### ACTION ITEM
Find the line with "6325 Poppleton Ave, Omaha, NE 68106" in the records below. Output exactly from there until after the line with "Louis Vuitton Louis", without pictures.

### DATA SHOWN
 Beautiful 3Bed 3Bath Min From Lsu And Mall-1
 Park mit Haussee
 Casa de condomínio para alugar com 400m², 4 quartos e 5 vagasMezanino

--

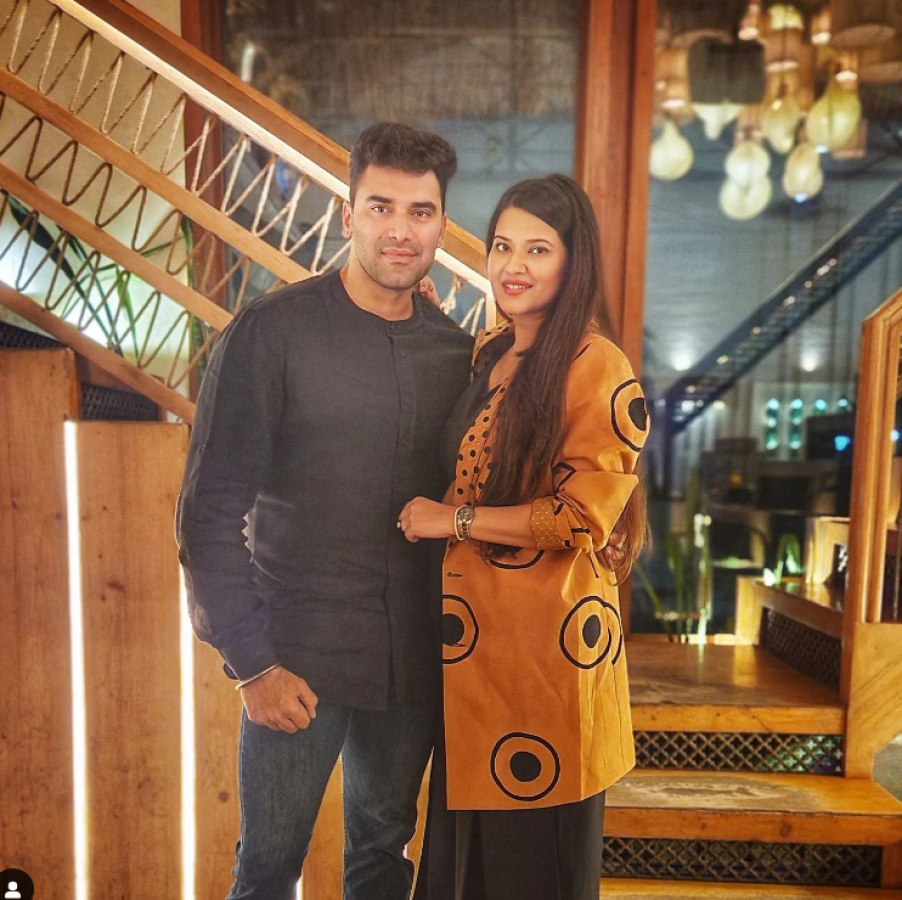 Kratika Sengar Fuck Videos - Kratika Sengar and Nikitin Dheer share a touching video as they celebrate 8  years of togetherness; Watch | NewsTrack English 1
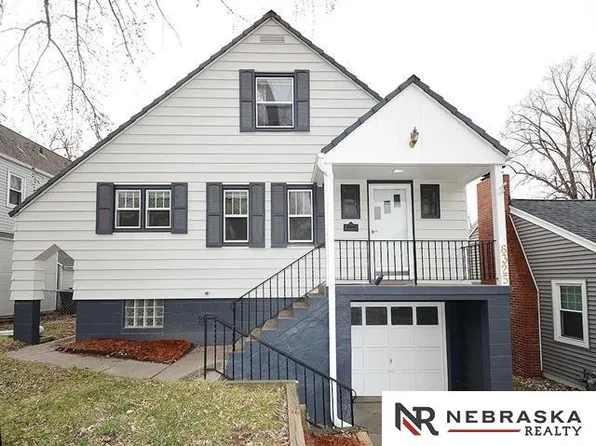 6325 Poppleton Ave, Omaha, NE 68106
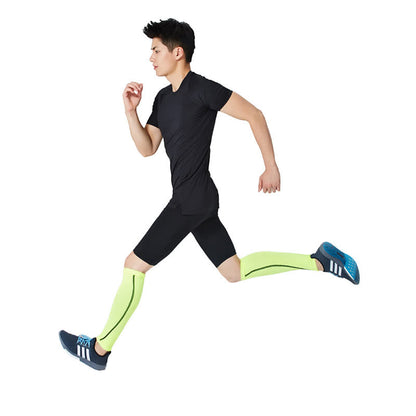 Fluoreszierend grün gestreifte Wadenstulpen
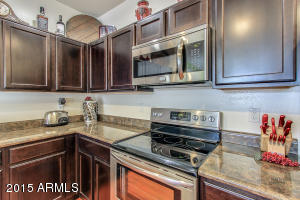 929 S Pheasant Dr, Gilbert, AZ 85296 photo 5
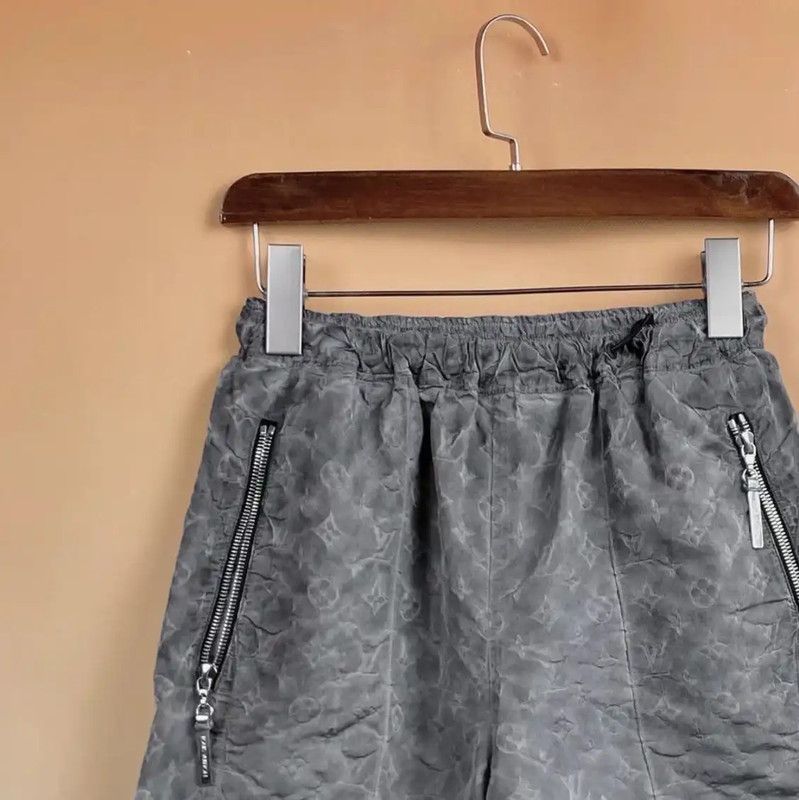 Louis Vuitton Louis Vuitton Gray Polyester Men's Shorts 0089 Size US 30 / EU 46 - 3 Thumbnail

### ANSWER TO THE EXERCISE
 6325 Poppleton Ave, Omaha, NE 68106
 Fluoreszierend grün gestreifte Wadenstulpen
 929 S Pheasant Dr, Gilbert, AZ 85296 photo 5
 Louis Vuitton Louis Vuitton Gray Polyester Men's Shorts 0089 Size US 30 / EU 46 - 3 Thumbnail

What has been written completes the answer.